Because Gifford was not an insider the “bankruptcy insider exception” does not apply, and I
affirm the Bankruptcy Court’s ruling that the Trustee’s claim against Gifford in barred by in pari
D. Leave to Amend
The Trustee asks that the Court grant leave to amend the complaint, in the event that the
Court finds that the in pari delicto doctrine applies, so that he may re-plead.10 Although a district
court “should freely give leave” to amend “when justice so requires,” Federal Rule of Civil
Procedure 15(a)(2), it has “discretion to deny leave for good reason, including futility . . . .”

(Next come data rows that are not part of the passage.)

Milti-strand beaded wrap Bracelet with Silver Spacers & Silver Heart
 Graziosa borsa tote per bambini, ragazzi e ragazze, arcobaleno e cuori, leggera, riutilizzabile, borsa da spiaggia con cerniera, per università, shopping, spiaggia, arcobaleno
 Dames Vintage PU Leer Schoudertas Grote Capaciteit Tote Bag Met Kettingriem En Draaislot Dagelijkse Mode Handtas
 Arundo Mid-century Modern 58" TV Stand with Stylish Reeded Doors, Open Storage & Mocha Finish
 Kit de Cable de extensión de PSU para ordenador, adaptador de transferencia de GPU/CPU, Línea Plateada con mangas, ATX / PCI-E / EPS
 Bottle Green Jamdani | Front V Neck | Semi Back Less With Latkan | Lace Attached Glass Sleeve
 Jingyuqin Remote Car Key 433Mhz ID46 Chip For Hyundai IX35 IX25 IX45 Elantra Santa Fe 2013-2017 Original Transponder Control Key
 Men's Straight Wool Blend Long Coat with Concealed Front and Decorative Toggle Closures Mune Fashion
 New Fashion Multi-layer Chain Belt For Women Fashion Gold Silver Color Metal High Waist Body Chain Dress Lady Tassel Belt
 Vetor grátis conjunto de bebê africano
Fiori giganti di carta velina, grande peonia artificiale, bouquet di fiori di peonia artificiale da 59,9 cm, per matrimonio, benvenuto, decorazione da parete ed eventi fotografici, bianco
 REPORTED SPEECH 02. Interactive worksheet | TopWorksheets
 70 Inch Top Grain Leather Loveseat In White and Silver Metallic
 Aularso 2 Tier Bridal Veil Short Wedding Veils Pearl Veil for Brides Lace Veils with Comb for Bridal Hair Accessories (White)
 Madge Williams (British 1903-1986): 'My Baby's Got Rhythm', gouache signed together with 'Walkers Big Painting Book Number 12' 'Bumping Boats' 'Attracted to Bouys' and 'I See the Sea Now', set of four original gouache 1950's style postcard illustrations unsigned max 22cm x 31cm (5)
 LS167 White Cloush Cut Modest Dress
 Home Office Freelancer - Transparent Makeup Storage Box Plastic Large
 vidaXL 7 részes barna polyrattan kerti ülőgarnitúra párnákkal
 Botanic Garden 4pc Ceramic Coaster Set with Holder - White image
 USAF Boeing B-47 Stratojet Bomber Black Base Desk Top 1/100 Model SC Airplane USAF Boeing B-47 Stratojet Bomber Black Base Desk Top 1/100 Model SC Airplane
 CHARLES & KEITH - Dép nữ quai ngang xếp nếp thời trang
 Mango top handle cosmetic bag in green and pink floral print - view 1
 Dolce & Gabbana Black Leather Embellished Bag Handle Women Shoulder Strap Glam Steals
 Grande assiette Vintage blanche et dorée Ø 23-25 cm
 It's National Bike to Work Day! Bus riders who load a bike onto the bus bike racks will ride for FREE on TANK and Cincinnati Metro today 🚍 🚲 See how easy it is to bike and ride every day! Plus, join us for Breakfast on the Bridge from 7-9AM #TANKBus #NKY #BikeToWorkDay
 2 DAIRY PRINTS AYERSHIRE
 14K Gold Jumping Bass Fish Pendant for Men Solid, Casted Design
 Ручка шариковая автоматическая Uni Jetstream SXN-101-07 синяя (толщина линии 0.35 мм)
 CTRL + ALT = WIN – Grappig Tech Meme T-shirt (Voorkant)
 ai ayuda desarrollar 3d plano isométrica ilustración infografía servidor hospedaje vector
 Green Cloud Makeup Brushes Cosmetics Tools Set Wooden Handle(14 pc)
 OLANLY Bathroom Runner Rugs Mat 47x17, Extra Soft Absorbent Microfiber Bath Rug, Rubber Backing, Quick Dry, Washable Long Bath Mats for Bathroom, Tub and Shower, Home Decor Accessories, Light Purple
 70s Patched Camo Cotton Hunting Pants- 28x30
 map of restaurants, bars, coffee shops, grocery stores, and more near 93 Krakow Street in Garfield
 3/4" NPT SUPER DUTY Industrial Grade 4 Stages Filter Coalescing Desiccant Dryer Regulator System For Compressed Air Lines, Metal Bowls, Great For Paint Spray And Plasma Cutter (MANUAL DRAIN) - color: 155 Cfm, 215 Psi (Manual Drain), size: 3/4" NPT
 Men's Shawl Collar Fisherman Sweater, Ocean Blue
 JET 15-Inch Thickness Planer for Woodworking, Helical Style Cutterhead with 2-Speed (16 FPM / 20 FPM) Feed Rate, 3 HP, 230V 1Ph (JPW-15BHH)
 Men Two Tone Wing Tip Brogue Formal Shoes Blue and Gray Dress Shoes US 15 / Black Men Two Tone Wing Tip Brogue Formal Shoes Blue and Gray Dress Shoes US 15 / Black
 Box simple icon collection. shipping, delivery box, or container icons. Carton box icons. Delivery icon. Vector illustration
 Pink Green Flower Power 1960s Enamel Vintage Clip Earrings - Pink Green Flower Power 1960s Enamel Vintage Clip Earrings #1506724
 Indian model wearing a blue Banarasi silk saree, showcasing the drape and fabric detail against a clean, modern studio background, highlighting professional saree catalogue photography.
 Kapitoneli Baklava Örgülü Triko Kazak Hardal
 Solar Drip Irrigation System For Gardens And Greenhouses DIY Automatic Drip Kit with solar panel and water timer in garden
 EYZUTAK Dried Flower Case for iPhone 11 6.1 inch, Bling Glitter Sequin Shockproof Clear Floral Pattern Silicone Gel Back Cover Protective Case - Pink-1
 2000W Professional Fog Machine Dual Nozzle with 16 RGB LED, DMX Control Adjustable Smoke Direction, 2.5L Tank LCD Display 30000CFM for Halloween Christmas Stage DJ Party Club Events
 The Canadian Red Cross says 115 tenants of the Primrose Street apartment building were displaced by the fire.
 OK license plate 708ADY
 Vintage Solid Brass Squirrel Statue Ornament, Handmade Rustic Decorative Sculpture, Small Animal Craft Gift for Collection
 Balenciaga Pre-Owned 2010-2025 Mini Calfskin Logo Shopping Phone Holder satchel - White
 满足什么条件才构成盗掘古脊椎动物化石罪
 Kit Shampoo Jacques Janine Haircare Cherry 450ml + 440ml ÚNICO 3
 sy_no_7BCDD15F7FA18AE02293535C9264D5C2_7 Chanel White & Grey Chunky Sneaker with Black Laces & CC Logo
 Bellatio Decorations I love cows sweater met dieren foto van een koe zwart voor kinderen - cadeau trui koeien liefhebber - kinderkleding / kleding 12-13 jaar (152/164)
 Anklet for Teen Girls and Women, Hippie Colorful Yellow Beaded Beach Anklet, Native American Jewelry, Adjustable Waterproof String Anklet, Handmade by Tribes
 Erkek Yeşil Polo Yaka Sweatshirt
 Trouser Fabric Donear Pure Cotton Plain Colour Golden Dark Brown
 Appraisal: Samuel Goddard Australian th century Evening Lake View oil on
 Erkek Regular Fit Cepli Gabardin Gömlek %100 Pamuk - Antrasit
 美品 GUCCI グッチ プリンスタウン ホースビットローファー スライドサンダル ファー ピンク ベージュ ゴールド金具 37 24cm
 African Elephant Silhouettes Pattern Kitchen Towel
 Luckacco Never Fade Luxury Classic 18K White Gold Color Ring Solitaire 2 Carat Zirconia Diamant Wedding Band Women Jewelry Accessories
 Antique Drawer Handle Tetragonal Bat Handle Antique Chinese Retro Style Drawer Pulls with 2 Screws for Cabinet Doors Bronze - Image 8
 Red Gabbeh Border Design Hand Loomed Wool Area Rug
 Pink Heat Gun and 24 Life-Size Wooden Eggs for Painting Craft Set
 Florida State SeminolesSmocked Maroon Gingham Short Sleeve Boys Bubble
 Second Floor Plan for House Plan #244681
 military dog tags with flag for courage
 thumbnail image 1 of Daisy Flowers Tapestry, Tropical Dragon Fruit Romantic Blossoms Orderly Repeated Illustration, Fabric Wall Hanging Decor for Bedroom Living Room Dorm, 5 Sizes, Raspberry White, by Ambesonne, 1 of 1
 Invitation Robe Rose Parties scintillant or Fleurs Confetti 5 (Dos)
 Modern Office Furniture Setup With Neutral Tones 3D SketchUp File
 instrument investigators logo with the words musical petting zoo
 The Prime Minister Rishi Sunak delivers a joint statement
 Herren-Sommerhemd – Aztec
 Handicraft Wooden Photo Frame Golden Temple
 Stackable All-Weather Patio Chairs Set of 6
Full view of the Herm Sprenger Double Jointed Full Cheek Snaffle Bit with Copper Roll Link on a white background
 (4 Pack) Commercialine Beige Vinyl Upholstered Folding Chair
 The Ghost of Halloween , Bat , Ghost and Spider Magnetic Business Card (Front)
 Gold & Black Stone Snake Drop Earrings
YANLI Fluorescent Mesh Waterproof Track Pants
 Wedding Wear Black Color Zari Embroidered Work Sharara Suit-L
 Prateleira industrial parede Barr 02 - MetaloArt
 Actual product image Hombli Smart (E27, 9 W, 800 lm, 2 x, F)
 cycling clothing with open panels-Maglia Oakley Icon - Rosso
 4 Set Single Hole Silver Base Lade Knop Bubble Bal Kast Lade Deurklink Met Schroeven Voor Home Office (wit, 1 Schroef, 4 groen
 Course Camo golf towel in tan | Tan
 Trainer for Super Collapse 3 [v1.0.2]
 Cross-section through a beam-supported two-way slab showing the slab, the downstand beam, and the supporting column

McCarthy v. Dun & Bradstreet Corp., 482 F.3d 184, 200 (2d Cir. 2007). Lehr was convicted of thirteen
counts of criminal activity, including enterprise corruption, a scheme to defraud, grand larceny in the
second degree, and money laundering in the first degree. Bankr. Dkt. No. 15-6. Because Lehr
participated in and was at the very least Gifford’s equal in fault, any amendment would be futile, and
leave to amend the complaint is denied.
For the foregoing reasons, the decision of the Bankruptcy Court is AFFIRMED. The Clerk
of Court is instructed to enter judgment accordingly and to close the case.
Dated: January 12, 2016
New York, New York
GREGORY H. WOODS
United States District Judge
10 The Trustee argues that he can add allegations that Lehr’s owners and most senior executives were unaware of the
criminal scheme, and had they known would have put a stop to it. Setting aside the fact that this argument contradicts
all of the Trustee’s arguments regarding imputation, it is also foreclosed by Kirschner. 15 N.Y.3d at 466 (“Where the
agent is defrauding someone else on the corporation’s behalf, the presumption of full communication [between agents
and principals] remains in full force and effect.”).